→ Activity
Leaving out the pictures, please reproduce exactly and only the lines from the one that contains "this 370×247 image." through the last line below.

[Image-backed grounding data]
'''

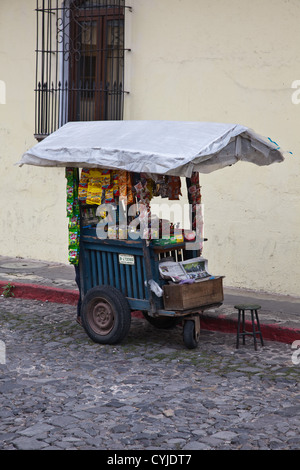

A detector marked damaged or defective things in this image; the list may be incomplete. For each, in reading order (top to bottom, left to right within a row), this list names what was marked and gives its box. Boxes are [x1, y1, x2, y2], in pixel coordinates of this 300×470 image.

rusty wheel [81, 284, 131, 344]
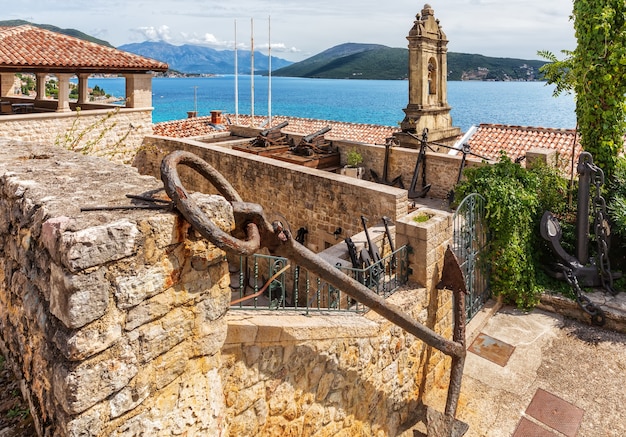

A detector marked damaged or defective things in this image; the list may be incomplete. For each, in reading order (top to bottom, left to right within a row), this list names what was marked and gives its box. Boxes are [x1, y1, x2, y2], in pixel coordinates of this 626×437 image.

rusty metal handrail [158, 151, 466, 432]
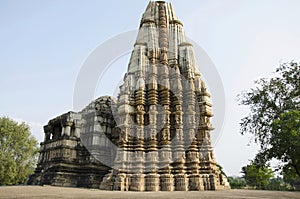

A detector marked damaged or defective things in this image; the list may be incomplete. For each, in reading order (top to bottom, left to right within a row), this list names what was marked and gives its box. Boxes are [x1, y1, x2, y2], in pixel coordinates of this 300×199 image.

damaged temple section [27, 1, 230, 191]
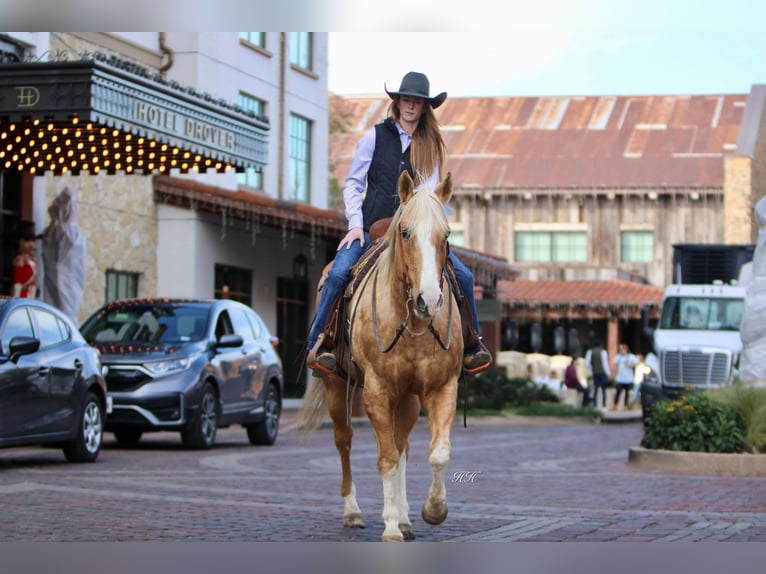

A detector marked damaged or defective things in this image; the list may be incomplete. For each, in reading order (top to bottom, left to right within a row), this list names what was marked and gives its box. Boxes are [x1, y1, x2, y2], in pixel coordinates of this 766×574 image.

rusted metal roof [332, 94, 752, 191]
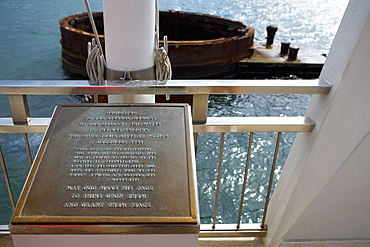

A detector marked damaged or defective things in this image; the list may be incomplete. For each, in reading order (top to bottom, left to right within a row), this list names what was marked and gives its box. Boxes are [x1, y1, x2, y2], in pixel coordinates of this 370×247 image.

corroded metal surface [10, 103, 198, 229]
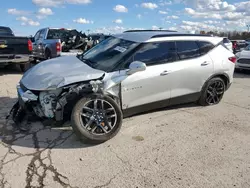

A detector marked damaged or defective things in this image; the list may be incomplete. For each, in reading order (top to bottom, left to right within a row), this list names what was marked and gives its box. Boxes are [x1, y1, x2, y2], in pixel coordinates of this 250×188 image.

damaged hood [20, 55, 104, 90]
wrecked car [7, 30, 234, 143]
damaged chevrolet blazer [9, 30, 235, 143]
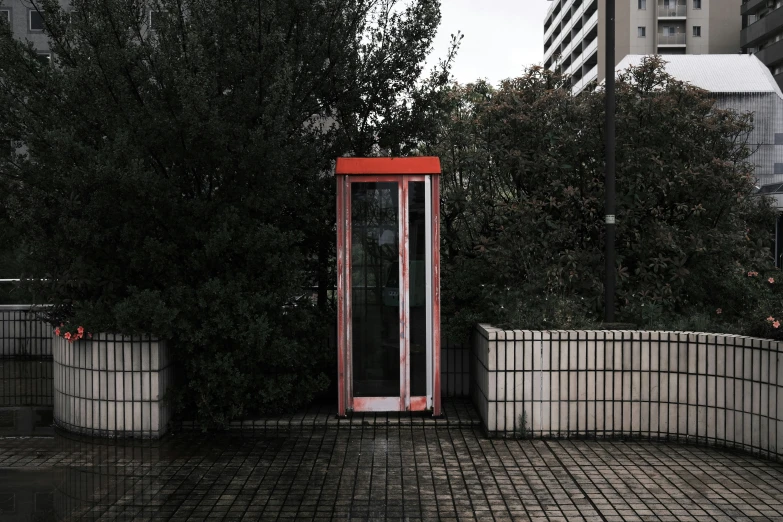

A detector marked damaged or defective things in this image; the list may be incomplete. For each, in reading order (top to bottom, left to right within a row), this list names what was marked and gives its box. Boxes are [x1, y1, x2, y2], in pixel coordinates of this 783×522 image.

rusted red paint [336, 156, 440, 175]
rusted red paint [336, 156, 444, 412]
rusted red paint [410, 394, 428, 410]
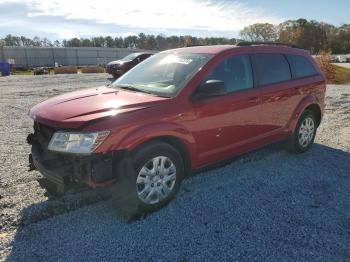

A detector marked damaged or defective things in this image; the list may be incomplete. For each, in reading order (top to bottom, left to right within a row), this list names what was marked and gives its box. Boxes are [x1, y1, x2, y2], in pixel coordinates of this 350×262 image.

damaged front bumper [27, 131, 120, 194]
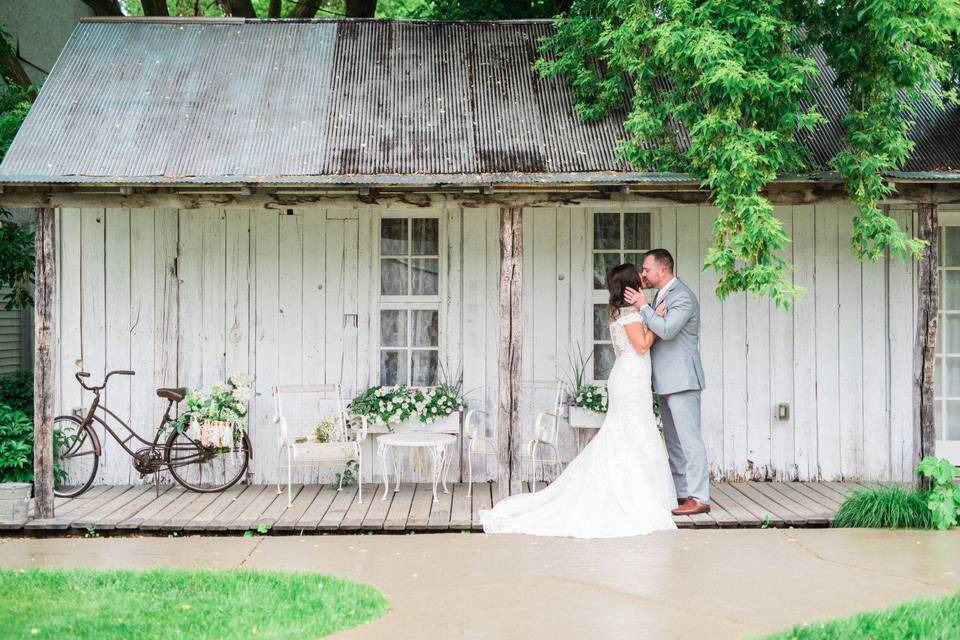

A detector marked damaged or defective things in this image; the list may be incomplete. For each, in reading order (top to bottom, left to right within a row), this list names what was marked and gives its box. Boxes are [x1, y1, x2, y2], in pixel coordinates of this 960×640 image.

rusted metal roof panel [0, 17, 956, 186]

'''

→ Result of the task
A detector marked damaged or defective things in this image; the list may be incomplete. For each, in reading order (top to bottom, left to right within a row), this list names what was marked and gives its box. Boxes are [x1, y1, x2, y2], in pixel coordinates of this 370×247 image.

corroded metal surface [10, 103, 198, 229]

A detector marked damaged or defective things in this image; the list may be incomplete. For each, in reading order (top to bottom, left to right within a row), this list names what was marked and gives its box. Boxes are [x1, y1, x2, y2], in pixel coordinates of this 250×188 image.

damaged hood [20, 55, 104, 90]
wrecked car [7, 30, 234, 143]
damaged chevrolet blazer [9, 30, 235, 143]

A detector marked damaged or defective things in this image; the list may be incomplete. For each, in reading order (top to bottom, left to right within a row), this list names what was marked and gives its box. Boxes are [x1, y1, x2, y2], in pixel coordinates of this 783×522 image.

rusted red paint [336, 156, 440, 175]
rusted red paint [336, 156, 444, 412]
rusted red paint [410, 394, 428, 410]

A detector marked damaged or defective things in this image; the list may be incomplete. For each, in reading order (top to bottom, left to right within a row), this list names what was marked and gives its box. Boxes are [x1, y1, x2, y2], in pixel coordinates of this 350×262 image.

damaged front bumper [27, 131, 120, 194]

A detector marked damaged or defective things in this image; the list may be incomplete. For each, in reading order (top to bottom, left to right within a row), this list names what was marked and gives its box. Boxes are [x1, y1, x2, y2], in pixel coordinates of this 960×640 image.

rusted metal roof panel [0, 17, 956, 186]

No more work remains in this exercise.